*** Opening SOURCE MATERIAL ***

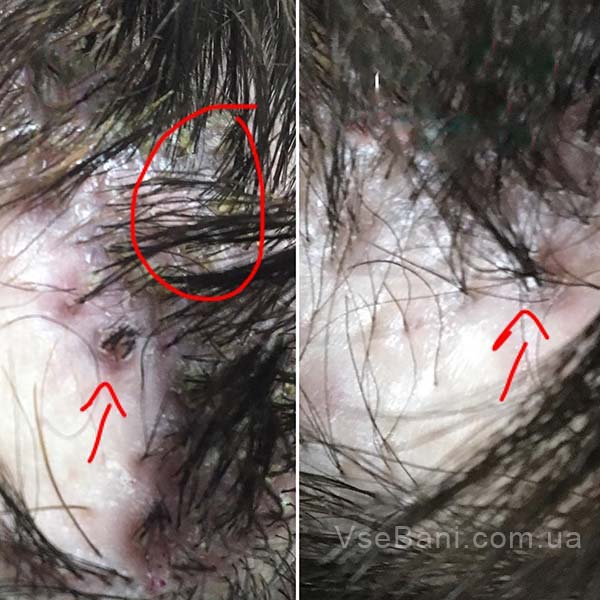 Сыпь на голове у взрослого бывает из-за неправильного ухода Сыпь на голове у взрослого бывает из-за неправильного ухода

*** Closing SOURCE MATERIAL ***
*** Opening SOURCE MATERIAL ***

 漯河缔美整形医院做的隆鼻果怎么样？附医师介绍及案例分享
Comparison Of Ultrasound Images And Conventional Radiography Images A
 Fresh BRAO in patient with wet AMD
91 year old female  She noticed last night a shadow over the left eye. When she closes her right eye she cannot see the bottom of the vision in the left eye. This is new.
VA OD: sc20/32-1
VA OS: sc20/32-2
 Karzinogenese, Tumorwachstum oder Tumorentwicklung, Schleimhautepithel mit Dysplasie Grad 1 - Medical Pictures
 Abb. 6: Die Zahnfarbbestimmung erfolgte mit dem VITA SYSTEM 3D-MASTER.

*** Closing SOURCE MATERIAL ***

- YOUR TASK -
Repeat word for word the lines above that run from the line containing "VA OS: sc20/32-2" through the line containing "Abb. 6: Die", both ends included, and nothing else.

- PROBLEM SOLUTION -
VA OS: sc20/32-2
 Karzinogenese, Tumorwachstum oder Tumorentwicklung, Schleimhautepithel mit Dysplasie Grad 1 - Medical Pictures
 Abb. 6: Die Zahnfarbbestimmung erfolgte mit dem VITA SYSTEM 3D-MASTER.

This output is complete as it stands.